The Conference Board’s Consumer Confidence index shot up today, rising from 61.3 in August to 70.3 in September. This typically correlates with a brighter outlook for the economy, and could lead to stronger consumer spending. However, it may be worthwhile to ignore the Conference Board’s index in the last couple months of an election cycle. Brad Plumer argues using Gallup poll data that Democrats have improved their outlook on the economy, as a kind of refracted benefit for the improving outlook for the President and the party in the upcoming elections.

The Gallup Economic Confidence ratings show this pretty clearly. While Republicans remain at exactly the same level on the economy, and independents have grown slightly more optimistic, Democrats have spiked, up 23 points in the index over the past three weeks.

The signifying event in between there is Bill Clinton’s speech, which among Democrats – and even independents – has apparently convinced them that the economy is on track, with better times ahead. The numbers all shoot up in that week after the Clinton speech, and for Democrats, that bounce never dissipated.
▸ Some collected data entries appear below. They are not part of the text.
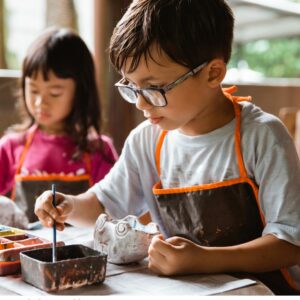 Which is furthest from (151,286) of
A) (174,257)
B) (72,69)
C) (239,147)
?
(72,69)

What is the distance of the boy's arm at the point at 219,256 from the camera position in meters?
1.30

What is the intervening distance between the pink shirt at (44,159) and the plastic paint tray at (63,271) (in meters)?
1.26

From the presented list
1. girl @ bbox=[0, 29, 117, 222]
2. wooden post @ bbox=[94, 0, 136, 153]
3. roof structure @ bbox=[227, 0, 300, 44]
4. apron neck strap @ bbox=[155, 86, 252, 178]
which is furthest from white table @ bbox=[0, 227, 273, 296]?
roof structure @ bbox=[227, 0, 300, 44]

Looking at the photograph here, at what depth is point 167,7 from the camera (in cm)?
154

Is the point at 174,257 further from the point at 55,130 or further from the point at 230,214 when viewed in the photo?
the point at 55,130

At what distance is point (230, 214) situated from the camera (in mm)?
1546

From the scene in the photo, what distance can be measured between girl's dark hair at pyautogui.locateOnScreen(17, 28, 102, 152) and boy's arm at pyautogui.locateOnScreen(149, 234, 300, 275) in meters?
1.28

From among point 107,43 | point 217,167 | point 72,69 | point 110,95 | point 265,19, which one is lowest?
point 217,167

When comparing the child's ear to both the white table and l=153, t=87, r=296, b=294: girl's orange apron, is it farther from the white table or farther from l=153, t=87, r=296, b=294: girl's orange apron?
the white table

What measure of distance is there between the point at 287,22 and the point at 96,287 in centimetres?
411

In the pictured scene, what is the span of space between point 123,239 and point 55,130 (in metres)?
1.27

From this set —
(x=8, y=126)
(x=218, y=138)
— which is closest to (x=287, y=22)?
(x=8, y=126)

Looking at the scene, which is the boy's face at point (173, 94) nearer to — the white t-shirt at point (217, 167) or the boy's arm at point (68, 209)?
the white t-shirt at point (217, 167)

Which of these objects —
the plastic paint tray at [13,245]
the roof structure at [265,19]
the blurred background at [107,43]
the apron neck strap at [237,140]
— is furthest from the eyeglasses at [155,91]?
the roof structure at [265,19] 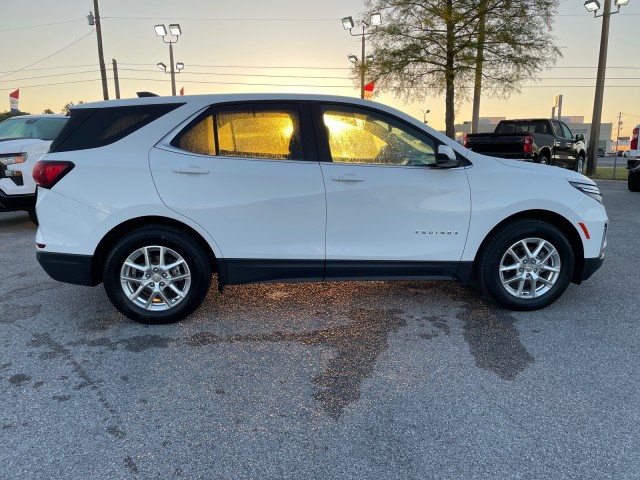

I think the lesson here is that, in our increasingly tribal politics, people take their cues on the economy as much from the perceptions of their leaders as they do from lived experience. This is particularly acute right before an election, which brings out all kinds of red team-blue team dynamics. So I don’t think we can put too much stock in consumer confidence reports for the next 42 days. If the spending rises, maybe I’d look at it differently. No matter what Bill Clinton tells you, your pocketbook has the money in it that it has.